# Exercise
Would you set down all of the entries below exactly as they stand?

[Available records — start]

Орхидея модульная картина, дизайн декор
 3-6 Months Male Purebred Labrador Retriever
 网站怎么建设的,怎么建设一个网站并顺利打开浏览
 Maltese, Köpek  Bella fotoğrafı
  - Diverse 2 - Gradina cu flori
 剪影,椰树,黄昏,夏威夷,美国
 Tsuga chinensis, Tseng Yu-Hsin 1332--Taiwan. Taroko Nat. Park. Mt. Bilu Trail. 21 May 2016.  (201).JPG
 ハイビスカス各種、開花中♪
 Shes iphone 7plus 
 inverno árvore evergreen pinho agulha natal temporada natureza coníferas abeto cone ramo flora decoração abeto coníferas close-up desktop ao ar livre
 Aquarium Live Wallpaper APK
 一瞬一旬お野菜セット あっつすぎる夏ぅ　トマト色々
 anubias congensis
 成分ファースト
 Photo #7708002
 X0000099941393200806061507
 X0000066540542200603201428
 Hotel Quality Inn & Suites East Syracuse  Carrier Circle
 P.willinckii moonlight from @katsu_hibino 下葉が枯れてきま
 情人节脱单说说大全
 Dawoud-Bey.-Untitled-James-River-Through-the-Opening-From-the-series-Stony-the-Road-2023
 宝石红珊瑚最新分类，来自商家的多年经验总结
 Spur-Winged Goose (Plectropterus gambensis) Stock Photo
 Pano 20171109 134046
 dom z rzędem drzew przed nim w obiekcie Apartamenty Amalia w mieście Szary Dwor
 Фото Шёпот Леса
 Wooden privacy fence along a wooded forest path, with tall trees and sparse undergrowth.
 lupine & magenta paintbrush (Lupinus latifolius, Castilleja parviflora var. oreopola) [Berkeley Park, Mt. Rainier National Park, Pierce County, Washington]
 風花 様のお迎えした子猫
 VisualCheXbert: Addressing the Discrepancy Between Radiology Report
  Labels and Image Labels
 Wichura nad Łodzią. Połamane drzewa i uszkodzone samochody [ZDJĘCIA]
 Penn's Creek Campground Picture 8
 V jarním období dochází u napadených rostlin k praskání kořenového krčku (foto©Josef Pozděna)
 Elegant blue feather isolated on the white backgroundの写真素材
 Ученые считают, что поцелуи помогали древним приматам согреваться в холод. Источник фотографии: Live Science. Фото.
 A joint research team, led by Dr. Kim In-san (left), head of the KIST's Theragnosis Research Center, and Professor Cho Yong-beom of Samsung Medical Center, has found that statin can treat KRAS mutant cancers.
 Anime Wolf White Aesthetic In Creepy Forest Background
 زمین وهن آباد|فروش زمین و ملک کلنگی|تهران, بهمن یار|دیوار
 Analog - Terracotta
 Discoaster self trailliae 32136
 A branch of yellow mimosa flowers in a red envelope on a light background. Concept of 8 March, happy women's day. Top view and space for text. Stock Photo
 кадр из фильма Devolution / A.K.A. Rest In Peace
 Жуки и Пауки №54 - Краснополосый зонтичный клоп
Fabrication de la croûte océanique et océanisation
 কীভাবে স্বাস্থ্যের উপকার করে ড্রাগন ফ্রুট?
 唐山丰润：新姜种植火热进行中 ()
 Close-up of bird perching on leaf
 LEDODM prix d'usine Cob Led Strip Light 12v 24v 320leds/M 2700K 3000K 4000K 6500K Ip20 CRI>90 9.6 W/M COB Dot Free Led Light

[Available records — finish]

# Task response
Орхидея модульная картина, дизайн декор
 3-6 Months Male Purebred Labrador Retriever
 网站怎么建设的,怎么建设一个网站并顺利打开浏览
 Maltese, Köpek  Bella fotoğrafı
  - Diverse 2 - Gradina cu flori
 剪影,椰树,黄昏,夏威夷,美国
 Tsuga chinensis, Tseng Yu-Hsin 1332--Taiwan. Taroko Nat. Park. Mt. Bilu Trail. 21 May 2016.  (201).JPG
 ハイビスカス各種、開花中♪
 Shes iphone 7plus 
 inverno árvore evergreen pinho agulha natal temporada natureza coníferas abeto cone ramo flora decoração abeto coníferas close-up desktop ao ar livre
 Aquarium Live Wallpaper APK
 一瞬一旬お野菜セット あっつすぎる夏ぅ　トマト色々
 anubias congensis
 成分ファースト
 Photo #7708002
 X0000099941393200806061507
 X0000066540542200603201428
 Hotel Quality Inn & Suites East Syracuse  Carrier Circle
 P.willinckii moonlight from @katsu_hibino 下葉が枯れてきま
 情人节脱单说说大全
 Dawoud-Bey.-Untitled-James-River-Through-the-Opening-From-the-series-Stony-the-Road-2023
 宝石红珊瑚最新分类，来自商家的多年经验总结
 Spur-Winged Goose (Plectropterus gambensis) Stock Photo
 Pano 20171109 134046
 dom z rzędem drzew przed nim w obiekcie Apartamenty Amalia w mieście Szary Dwor
 Фото Шёпот Леса
 Wooden privacy fence along a wooded forest path, with tall trees and sparse undergrowth.
 lupine & magenta paintbrush (Lupinus latifolius, Castilleja parviflora var. oreopola) [Berkeley Park, Mt. Rainier National Park, Pierce County, Washington]
 風花 様のお迎えした子猫
 VisualCheXbert: Addressing the Discrepancy Between Radiology Report
  Labels and Image Labels
 Wichura nad Łodzią. Połamane drzewa i uszkodzone samochody [ZDJĘCIA]
 Penn's Creek Campground Picture 8
 V jarním období dochází u napadených rostlin k praskání kořenového krčku (foto©Josef Pozděna)
 Elegant blue feather isolated on the white backgroundの写真素材
 Ученые считают, что поцелуи помогали древним приматам согреваться в холод. Источник фотографии: Live Science. Фото.
 A joint research team, led by Dr. Kim In-san (left), head of the KIST's Theragnosis Research Center, and Professor Cho Yong-beom of Samsung Medical Center, has found that statin can treat KRAS mutant cancers.
 Anime Wolf White Aesthetic In Creepy Forest Background
 زمین وهن آباد|فروش زمین و ملک کلنگی|تهران, بهمن یار|دیوار
 Analog - Terracotta
 Discoaster self trailliae 32136
 A branch of yellow mimosa flowers in a red envelope on a light background. Concept of 8 March, happy women's day. Top view and space for text. Stock Photo
 кадр из фильма Devolution / A.K.A. Rest In Peace
 Жуки и Пауки №54 - Краснополосый зонтичный клоп
Fabrication de la croûte océanique et océanisation
 কীভাবে স্বাস্থ্যের উপকার করে ড্রাগন ফ্রুট?
 唐山丰润：新姜种植火热进行中 ()
 Close-up of bird perching on leaf
 LEDODM prix d'usine Cob Led Strip Light 12v 24v 320leds/M 2700K 3000K 4000K 6500K Ip20 CRI>90 9.6 W/M COB Dot Free Led Light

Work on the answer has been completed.